Rajinder Gupta, Toronto resident on trial for sex assault involving arranged marriage

Familiar story but in a different setting.

This time it  is not a village of Punjab, it’s Toronto, Canada’s largest city. Instead of a Khap Panchayat or village councils dotted across India that often dish out their own extrajudicial brand of social justice, it is the Ontario Superior Court of Justice.

The suffering began when Rajinder Gupta husband allegedly forced his wife to have painful sex twice on their wedding night and escalated to numerous incidents of rape, violence, threats and verbal abuse inside his family’s tension-filled home.

Rajinder Gupta, a Toronto man and his parents are on trial this week in a downtown courthouse after pleading not guilty to multiple charges related to the son’s arranged marriage that ended after three months.

Gupta has pleaded not guilty to 10 counts of sexual assault, three counts of assault and one count of uttering threats. His mother, Sheela Gupta, twice said “this is lie,” when entering her not guilty plea Monday to uttering threats and assault. His father, Vinod Gupta, also pleaded not guilty to uttering threats.

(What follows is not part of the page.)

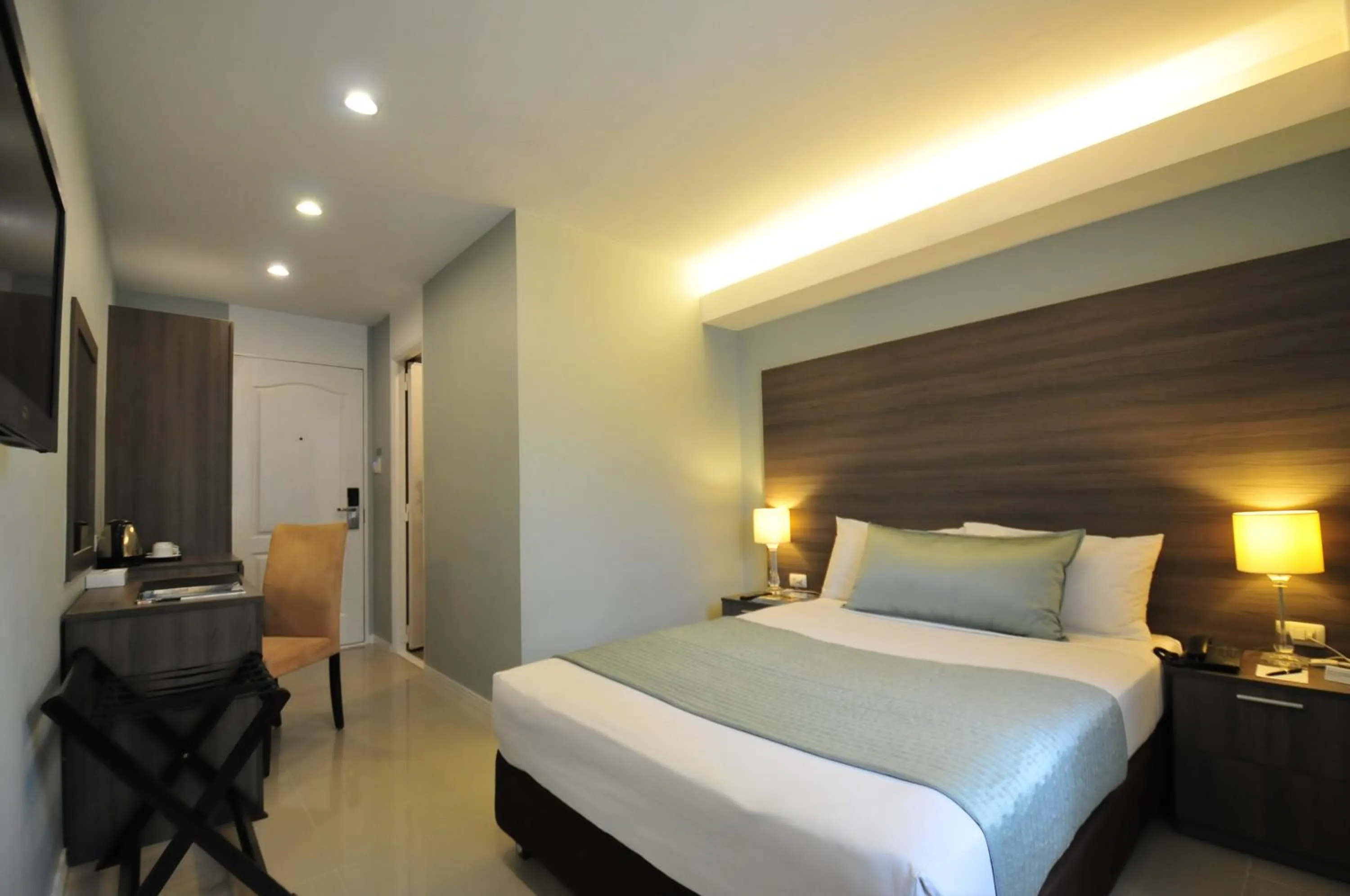 Bedroom in Astoria Greenbelt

The complainant, a soft-spoken woman who cannot be identified due to a publication ban, was on the stand for a second day Tuesday, testifying how her short-lived marriage in 2015 spiralled from bad to worse.

She told Superior Court Justice James Diamond that she and Gupta met after they both posted profiles on Shaadi.com, an India-based online matchmaking service that purports to have “pioneered online matrimonials” and redefined “the way Indian brides and grooms meet for marriage.”

She was living in a different province at the time with her parents, while he was living with his parents in a west-end Toronto townhouse. Vinod Gupta contacted her father and invited them to Toronto.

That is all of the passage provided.